* _About this exercise_
Print only the closing part of the entries. It starts at the line containing "ebm-papst 8300 Series" and includes the final line, exactly as written.

* _Excerpted data_
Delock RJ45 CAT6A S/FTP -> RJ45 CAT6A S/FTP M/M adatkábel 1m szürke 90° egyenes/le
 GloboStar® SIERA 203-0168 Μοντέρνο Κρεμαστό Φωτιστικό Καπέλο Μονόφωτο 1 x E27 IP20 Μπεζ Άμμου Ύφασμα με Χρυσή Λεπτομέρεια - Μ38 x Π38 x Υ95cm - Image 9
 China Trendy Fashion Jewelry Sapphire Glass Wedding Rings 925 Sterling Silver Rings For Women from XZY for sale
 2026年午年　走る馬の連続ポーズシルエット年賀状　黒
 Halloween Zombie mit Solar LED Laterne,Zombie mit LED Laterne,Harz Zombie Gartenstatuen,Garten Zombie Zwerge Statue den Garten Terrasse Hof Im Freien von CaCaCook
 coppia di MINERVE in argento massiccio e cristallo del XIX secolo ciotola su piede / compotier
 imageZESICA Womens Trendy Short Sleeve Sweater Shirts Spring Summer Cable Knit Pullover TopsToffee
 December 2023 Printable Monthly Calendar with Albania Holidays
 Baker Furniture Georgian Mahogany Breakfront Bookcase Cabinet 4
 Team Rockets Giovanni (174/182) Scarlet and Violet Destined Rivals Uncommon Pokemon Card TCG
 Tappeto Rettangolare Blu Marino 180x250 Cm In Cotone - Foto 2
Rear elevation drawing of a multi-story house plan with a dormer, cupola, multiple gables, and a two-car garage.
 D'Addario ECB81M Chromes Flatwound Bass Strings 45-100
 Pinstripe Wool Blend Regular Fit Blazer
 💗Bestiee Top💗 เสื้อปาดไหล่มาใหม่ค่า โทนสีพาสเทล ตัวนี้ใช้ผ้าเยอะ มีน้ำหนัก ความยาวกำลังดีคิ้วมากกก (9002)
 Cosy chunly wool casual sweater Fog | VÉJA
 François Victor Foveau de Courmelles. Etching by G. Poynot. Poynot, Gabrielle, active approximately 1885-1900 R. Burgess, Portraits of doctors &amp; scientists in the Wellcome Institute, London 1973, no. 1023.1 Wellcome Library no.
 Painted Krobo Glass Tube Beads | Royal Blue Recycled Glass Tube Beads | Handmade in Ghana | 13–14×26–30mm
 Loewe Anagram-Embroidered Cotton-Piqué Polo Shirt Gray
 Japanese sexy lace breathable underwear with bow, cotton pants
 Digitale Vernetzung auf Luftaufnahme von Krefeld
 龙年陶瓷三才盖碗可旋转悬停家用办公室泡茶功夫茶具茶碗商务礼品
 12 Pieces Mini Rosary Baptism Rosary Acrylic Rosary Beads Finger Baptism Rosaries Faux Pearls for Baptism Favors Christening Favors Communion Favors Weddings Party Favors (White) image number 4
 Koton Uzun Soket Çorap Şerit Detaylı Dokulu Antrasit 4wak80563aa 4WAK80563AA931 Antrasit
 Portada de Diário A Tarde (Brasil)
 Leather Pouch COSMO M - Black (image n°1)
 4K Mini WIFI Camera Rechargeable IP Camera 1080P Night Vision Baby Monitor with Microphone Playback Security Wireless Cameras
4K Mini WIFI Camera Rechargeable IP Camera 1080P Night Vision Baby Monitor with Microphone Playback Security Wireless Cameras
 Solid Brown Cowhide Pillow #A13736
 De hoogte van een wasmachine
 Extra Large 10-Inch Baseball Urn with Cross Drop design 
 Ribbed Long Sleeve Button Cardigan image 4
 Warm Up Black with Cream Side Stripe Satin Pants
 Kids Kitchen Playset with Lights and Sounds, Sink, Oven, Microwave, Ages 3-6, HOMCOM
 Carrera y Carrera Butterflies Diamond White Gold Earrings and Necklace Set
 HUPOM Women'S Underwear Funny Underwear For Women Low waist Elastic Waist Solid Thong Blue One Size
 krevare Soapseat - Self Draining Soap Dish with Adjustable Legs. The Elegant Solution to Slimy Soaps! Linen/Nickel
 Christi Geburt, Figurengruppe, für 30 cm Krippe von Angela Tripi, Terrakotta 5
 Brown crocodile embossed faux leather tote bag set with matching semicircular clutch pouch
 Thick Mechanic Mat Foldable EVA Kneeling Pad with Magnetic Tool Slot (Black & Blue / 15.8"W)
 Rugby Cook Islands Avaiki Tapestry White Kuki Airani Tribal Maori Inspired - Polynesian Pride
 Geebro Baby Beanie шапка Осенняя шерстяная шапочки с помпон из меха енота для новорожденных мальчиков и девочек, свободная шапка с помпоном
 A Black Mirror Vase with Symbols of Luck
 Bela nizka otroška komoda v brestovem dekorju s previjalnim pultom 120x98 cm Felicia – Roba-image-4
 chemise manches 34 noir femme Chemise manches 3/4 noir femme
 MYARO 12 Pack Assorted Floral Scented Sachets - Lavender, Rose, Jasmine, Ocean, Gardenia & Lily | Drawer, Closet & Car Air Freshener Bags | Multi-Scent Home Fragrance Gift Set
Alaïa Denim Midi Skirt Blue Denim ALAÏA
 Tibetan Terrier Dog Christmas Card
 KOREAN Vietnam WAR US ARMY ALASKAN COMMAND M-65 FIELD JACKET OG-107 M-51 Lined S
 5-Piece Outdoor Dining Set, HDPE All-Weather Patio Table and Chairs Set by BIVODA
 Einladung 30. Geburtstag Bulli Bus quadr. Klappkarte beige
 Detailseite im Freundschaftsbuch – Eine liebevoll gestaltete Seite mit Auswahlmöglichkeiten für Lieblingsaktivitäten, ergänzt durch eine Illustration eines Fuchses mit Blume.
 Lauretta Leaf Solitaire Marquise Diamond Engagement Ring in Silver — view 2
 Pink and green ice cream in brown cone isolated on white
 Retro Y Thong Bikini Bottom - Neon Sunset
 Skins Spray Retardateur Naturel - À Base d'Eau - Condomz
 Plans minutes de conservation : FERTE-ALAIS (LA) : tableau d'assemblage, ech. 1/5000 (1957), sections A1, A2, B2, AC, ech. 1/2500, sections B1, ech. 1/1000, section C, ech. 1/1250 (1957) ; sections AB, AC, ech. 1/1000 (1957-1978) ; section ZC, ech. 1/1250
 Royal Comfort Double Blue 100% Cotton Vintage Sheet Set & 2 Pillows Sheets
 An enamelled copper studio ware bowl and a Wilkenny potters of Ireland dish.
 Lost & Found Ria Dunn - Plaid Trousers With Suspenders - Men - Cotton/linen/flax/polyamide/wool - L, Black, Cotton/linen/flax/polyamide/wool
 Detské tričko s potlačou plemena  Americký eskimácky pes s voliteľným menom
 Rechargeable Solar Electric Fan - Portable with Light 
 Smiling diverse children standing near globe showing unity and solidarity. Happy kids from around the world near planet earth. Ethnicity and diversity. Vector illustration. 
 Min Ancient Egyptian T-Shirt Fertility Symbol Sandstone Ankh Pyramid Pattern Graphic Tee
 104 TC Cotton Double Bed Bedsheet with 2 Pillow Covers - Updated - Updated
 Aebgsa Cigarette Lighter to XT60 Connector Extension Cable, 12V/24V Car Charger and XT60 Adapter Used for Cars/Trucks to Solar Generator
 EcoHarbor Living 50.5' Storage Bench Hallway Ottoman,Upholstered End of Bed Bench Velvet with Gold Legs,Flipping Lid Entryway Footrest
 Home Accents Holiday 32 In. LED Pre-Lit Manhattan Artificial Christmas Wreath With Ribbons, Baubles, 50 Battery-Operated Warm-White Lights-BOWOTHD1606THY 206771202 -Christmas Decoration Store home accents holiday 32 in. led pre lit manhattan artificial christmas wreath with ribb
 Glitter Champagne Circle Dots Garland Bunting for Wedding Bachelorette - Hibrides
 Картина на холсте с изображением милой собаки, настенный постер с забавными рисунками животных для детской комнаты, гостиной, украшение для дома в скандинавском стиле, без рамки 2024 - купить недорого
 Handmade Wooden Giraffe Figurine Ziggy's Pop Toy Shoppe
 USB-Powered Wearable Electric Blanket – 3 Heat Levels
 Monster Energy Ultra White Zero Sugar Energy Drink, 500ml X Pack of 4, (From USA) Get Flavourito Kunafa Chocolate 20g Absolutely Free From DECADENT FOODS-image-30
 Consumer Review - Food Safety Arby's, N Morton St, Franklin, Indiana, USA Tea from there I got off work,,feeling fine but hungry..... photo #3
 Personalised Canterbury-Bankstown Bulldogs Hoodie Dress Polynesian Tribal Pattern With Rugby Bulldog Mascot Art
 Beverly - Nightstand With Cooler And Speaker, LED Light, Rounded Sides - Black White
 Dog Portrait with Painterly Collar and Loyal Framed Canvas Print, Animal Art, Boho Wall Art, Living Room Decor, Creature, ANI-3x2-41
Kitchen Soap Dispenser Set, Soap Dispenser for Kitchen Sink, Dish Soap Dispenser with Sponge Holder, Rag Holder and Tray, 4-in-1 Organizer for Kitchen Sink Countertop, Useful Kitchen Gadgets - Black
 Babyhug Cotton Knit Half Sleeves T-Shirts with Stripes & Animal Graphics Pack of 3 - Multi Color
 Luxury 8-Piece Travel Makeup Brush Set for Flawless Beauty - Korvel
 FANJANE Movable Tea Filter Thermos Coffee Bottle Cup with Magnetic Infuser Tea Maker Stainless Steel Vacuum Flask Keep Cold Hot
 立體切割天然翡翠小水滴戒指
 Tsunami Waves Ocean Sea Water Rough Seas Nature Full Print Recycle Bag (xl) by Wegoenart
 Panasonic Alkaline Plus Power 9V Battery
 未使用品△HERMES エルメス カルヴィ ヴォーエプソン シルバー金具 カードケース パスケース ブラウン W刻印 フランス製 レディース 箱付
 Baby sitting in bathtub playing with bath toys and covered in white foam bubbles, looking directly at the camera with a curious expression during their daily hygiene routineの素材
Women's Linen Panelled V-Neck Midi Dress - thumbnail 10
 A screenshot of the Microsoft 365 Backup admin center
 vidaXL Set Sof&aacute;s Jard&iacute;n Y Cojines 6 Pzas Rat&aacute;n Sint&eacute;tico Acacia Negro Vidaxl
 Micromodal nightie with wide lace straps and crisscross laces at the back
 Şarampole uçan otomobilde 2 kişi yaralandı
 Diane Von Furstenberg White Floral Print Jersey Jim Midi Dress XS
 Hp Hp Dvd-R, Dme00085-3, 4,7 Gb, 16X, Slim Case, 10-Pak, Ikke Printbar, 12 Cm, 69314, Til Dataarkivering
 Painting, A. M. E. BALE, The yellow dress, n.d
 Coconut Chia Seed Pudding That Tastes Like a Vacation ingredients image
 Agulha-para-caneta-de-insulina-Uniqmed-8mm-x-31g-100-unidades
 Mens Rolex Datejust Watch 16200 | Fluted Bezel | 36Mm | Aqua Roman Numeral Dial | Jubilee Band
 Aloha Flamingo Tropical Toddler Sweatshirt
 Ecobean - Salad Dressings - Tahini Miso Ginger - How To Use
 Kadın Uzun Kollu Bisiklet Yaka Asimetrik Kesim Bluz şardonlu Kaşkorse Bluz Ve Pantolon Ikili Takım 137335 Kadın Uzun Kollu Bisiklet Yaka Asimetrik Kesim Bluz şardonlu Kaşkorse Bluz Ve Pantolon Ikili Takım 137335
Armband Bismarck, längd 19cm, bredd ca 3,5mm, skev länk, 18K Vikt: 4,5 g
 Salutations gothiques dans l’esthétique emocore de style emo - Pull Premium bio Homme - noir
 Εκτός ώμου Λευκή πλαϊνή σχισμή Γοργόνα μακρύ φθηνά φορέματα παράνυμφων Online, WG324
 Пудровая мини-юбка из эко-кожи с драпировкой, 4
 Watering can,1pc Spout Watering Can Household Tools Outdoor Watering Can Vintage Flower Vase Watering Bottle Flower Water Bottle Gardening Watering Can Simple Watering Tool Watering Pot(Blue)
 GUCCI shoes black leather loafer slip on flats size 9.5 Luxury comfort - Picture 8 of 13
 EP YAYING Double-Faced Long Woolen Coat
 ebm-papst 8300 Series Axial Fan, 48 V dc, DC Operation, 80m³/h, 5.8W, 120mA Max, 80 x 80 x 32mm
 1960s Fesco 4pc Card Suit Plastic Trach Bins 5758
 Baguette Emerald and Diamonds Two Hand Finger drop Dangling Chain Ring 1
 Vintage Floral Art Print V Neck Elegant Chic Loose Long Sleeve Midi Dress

* _Task output_
 ebm-papst 8300 Series Axial Fan, 48 V dc, DC Operation, 80m³/h, 5.8W, 120mA Max, 80 x 80 x 32mm
 1960s Fesco 4pc Card Suit Plastic Trach Bins 5758
 Baguette Emerald and Diamonds Two Hand Finger drop Dangling Chain Ring 1
 Vintage Floral Art Print V Neck Elegant Chic Loose Long Sleeve Midi Dress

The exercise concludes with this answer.